Les interprétations psycho-sociologiques des Nouveaux Mouvements Religieux comprennent également des analyses de la structure globale de la société dans laquelle s’inscrivent ces groupes, comme les réflexions sur l’éducation et le conflit des générations. S. Tipton, par exemple, remarque que les enfants élevés entièrement dans l’éthique de la sphère privée (éthique de la religion biblique) ne sont confrontés à ces contradictions qu’au moment du passage dans la vie adulte. Il devient à ce moment extrêmement difficile d’abandonner des valeurs humanitaires pour un système où l’individu, maillon dans la chaîne du capitalisme, doit s’effacer et tenter de se réaliser dans son travail (éthique utilitariste) :

‘A new ethos infused childhood and then youth, via lengthening education, with personalistic psychological values and universalistic moral values based in the family. In particular this new ethos fostered the expectation that each individual would be treated as an end, with the respect and consideration due to a uniquely valuable person. The stronger this expectation, the more antagonistic the confrontation between its youthful carriers and the impersonal and instrumental utilitarianism of the technological and bureaucratic world. 22

Ce choc brutal, démultiplié lors du passage à l’âge adulte de la génération du « baby-boom », aurait donc provoqué une réaction massive des jeunes contre cette culture utilitariste qu’ils étaient censés adopter. L’auteur considère donc que ce phénomène a été la source du mouvement contreculturel. Cependant, l’échec de ce dernier laisse les hippies démunis de tout système moral valable : ils ne peuvent plus accepter l’éthique utilitariste, mais doivent travailler pour vivre (surtout dans la crise économique des années 1980). Dans ce contexte, les Nouveaux Mouvements Religieux permettent aux anciens hippies de trouver un moyen d’accepter le monde.

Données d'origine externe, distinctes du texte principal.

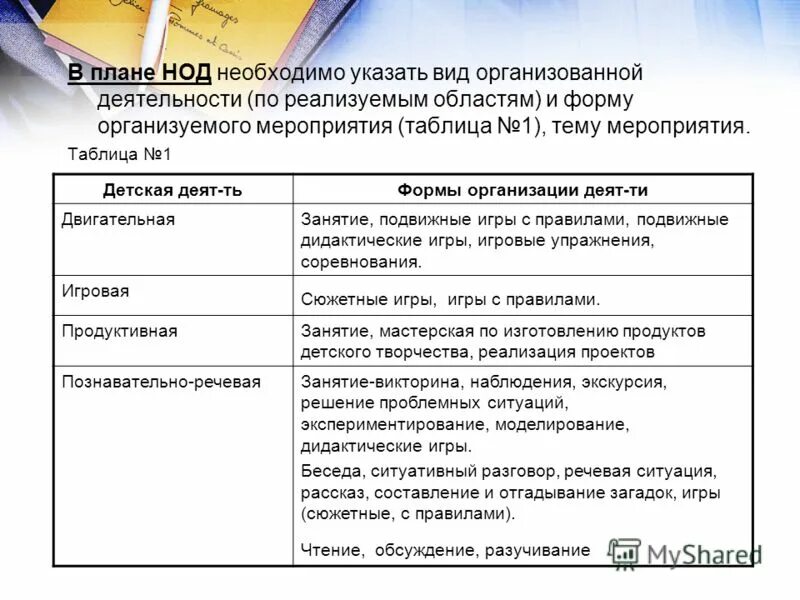 Планирование нод содержание работы. Планирование непосредственно образовательной деятельности. Принципы планирования педагогической деятельности. Планирование непосредственно образовательной деятельности. Планирование нод таблиц.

D’autres chercheurs dans la lignée psycho-sociologique s’attachent à comprendre la socialisation de praticiens (J. A. English-Lueck) ou les similitudes entre les rhétoriques des parapsychologues, des New Agers, et des sceptiques (D. Hess).

Notes
20.

J. L. Jacobs, Divine Disenchantment: deconverting from new religions, 1989, pp. 125-126.

21.

L. Lilliston, G. Shepherd « New Religious Movements and mental health » in J. Cresswell, B. Wilson (eds.), New Religious Movements: Challenge and Response, 1999, p. 128.

22.

S. Tipton, Getting Saved From the Sixties: Moral Meaning in Conversion and Cultural Change, 1982, p. 26.